> _Your goal_
Within the entries below, output exactly the lines between the line containing "Entregan materiales para" and the line containing "2023 Nissan Rogue Image 18", inclusive, and omit any picture.

[[ The data, beginning ]]

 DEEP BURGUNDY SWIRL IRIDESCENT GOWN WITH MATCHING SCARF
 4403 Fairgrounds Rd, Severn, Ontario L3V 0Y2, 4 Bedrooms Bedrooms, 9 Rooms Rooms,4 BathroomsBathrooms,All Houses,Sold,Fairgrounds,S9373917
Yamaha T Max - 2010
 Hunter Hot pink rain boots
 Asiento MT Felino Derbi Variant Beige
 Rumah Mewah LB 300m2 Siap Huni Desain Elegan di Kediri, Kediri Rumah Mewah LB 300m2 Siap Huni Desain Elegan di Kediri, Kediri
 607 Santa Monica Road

[[ The data, end ]]
[[ The data, beginning ]]

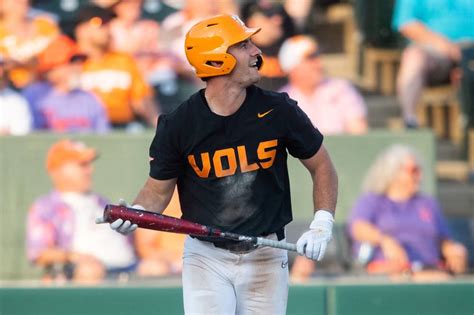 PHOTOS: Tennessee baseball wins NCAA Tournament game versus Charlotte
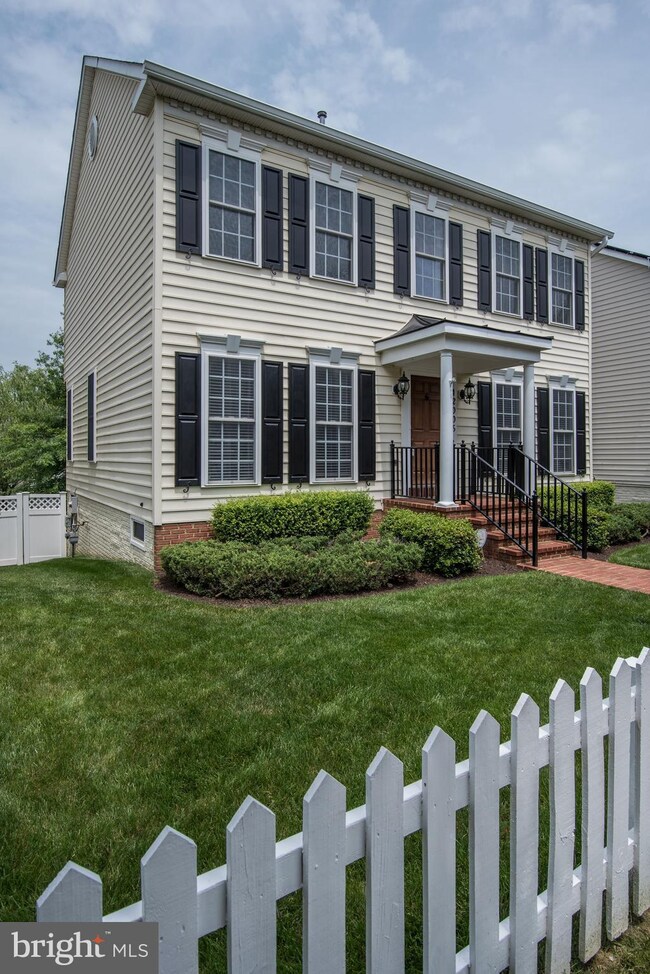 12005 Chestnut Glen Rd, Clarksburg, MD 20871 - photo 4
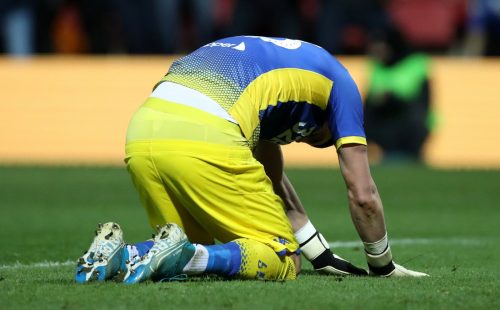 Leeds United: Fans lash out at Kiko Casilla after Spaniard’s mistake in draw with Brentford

[[ The data, end ]]
[[ The data, beginning ]]

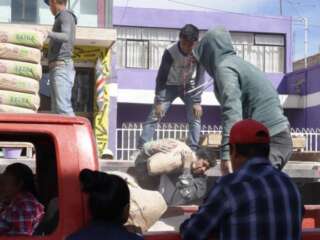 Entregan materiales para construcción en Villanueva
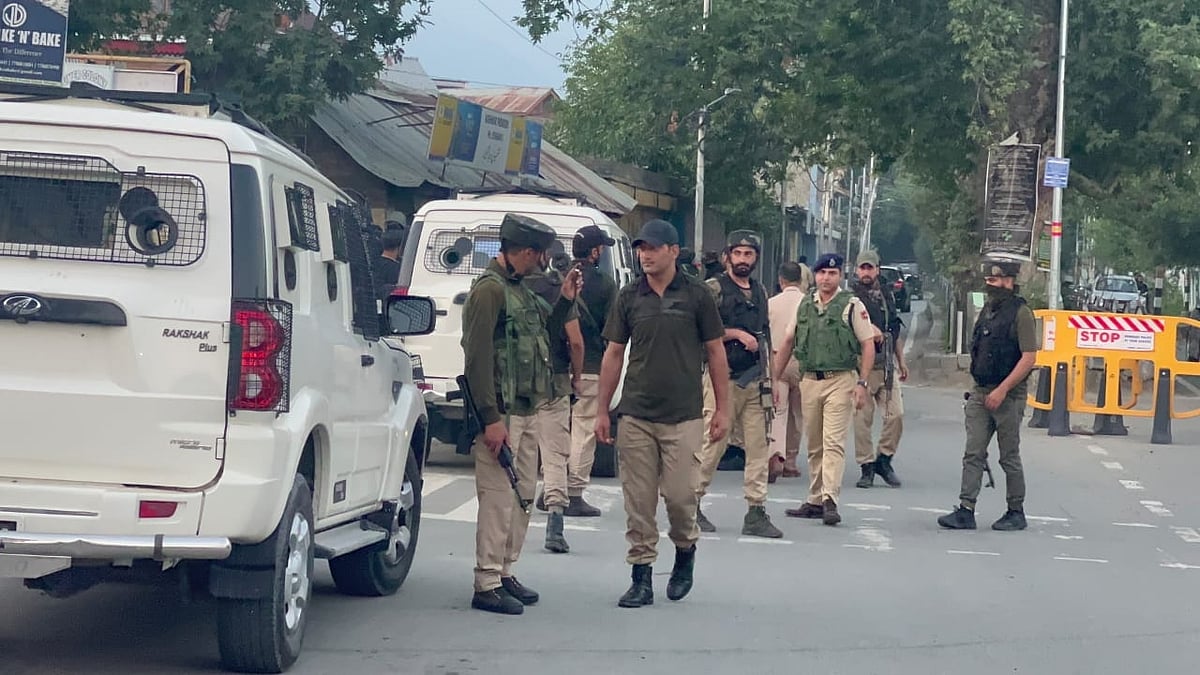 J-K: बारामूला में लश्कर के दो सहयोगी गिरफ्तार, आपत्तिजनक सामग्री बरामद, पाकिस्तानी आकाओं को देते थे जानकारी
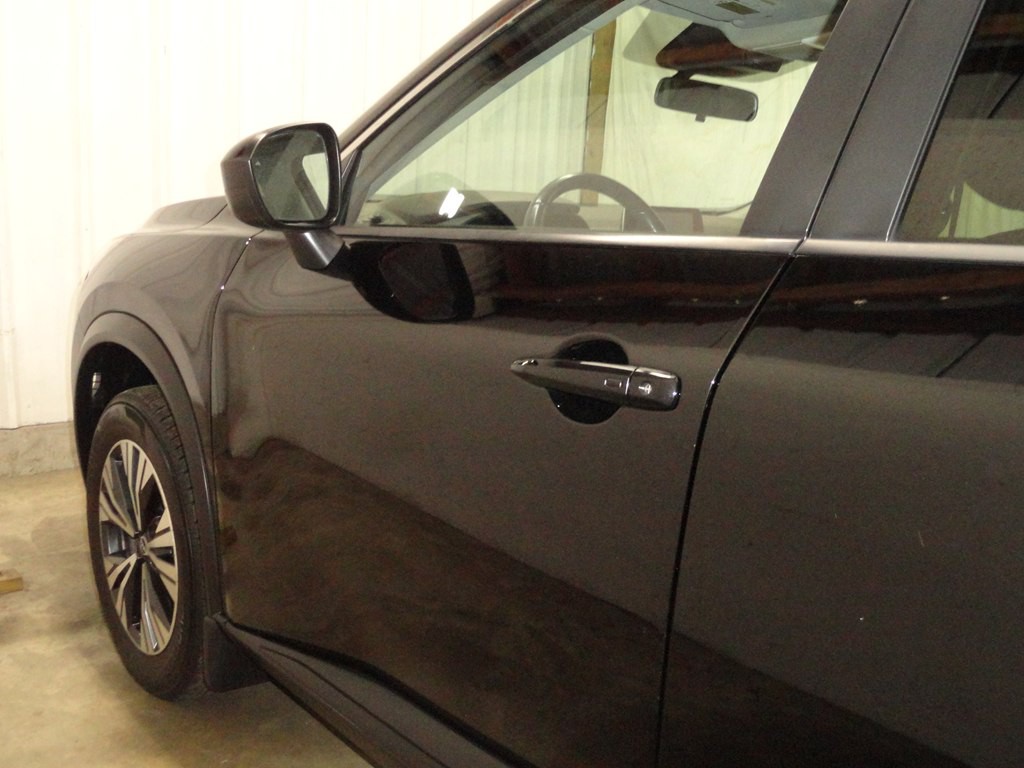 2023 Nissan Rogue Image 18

[[ The data, end ]]

> _Task solution_
 Entregan materiales para construcción en Villanueva
 J-K: बारामूला में लश्कर के दो सहयोगी गिरफ्तार, आपत्तिजनक सामग्री बरामद, पाकिस्तानी आकाओं को देते थे जानकारी
 2023 Nissan Rogue Image 18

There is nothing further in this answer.